## What to work on
The reply must contain exactly the lines below from the one with "Jokes For Fans Of ''The Office'' (21 pics)" down to the one with "thumbnail image 2", both included, and nothing more; please omit the pictures.

## Task data
▶

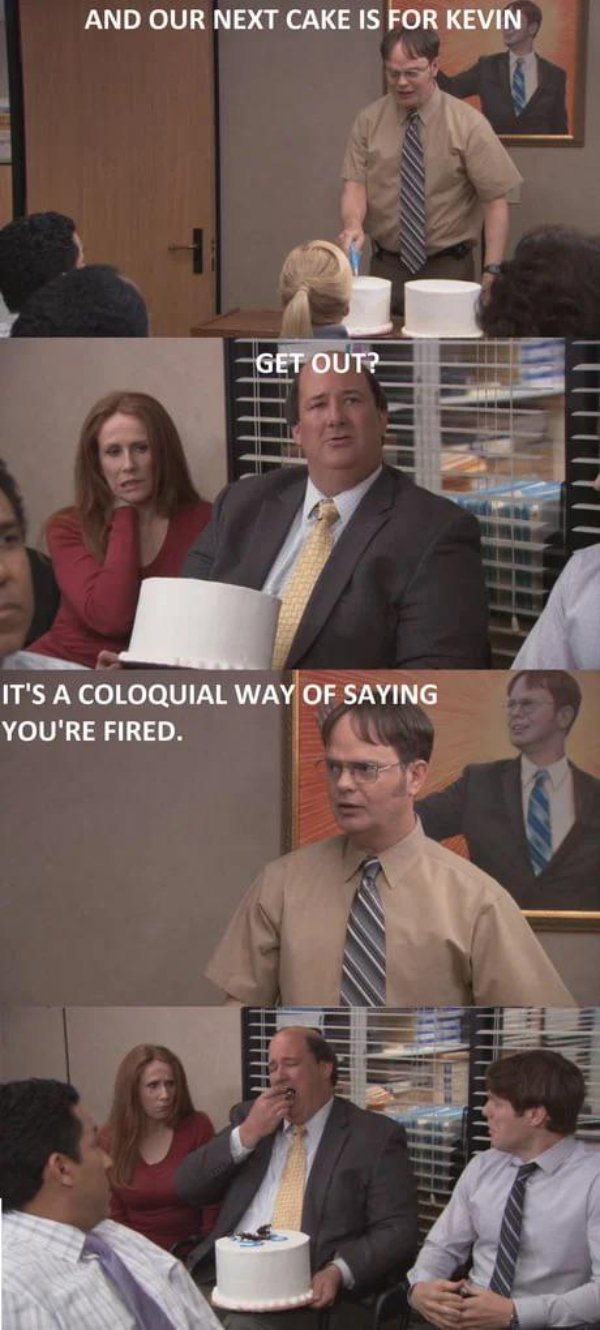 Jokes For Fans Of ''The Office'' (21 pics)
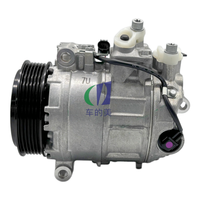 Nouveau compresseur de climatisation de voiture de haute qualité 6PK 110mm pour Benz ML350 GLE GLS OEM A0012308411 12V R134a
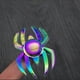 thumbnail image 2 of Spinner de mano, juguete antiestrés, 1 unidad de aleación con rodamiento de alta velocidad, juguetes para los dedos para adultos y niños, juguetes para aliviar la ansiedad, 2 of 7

◀
▶

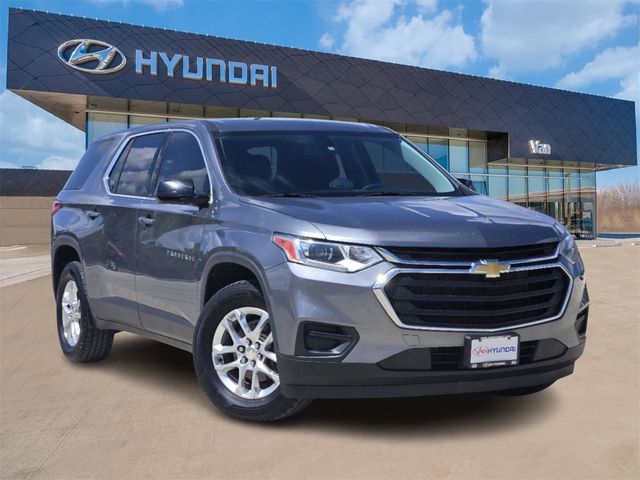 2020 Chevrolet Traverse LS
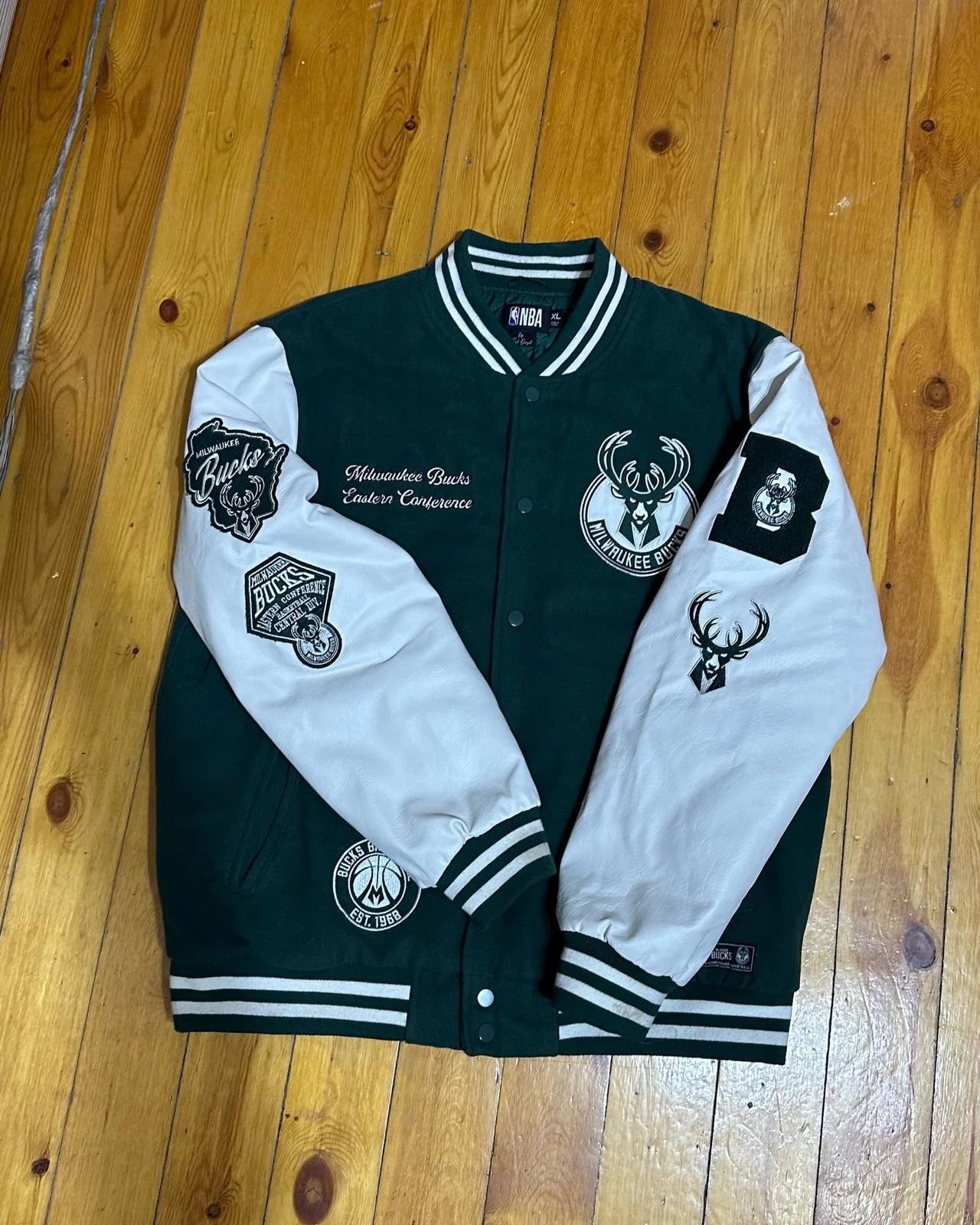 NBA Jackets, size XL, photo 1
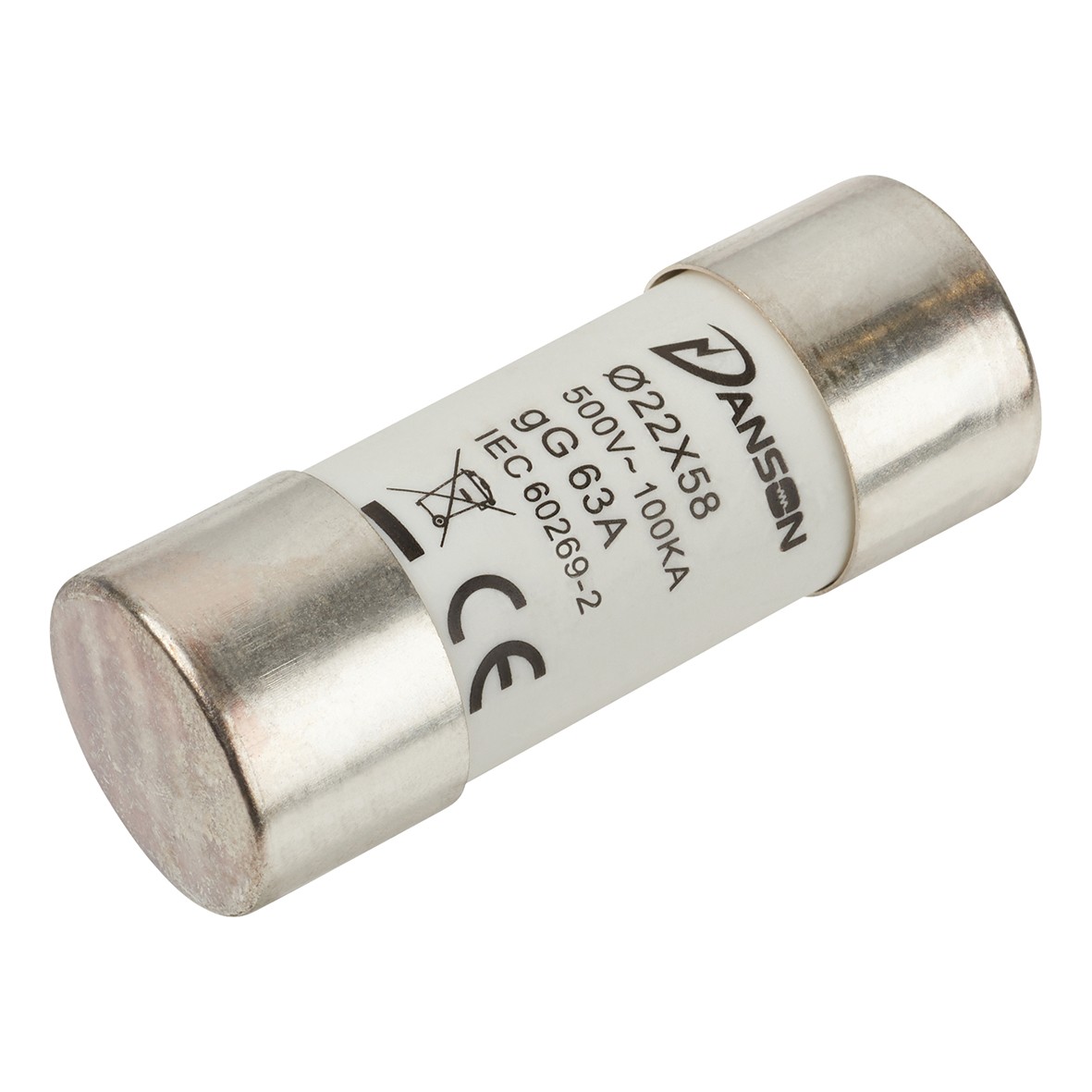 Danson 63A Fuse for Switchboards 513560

◀

## Reply to the exercise
 Jokes For Fans Of ''The Office'' (21 pics)
 Nouveau compresseur de climatisation de voiture de haute qualité 6PK 110mm pour Benz ML350 GLE GLS OEM A0012308411 12V R134a
 thumbnail image 2 of Spinner de mano, juguete antiestrés, 1 unidad de aleación con rodamiento de alta velocidad, juguetes para los dedos para adultos y niños, juguetes para aliviar la ansiedad, 2 of 7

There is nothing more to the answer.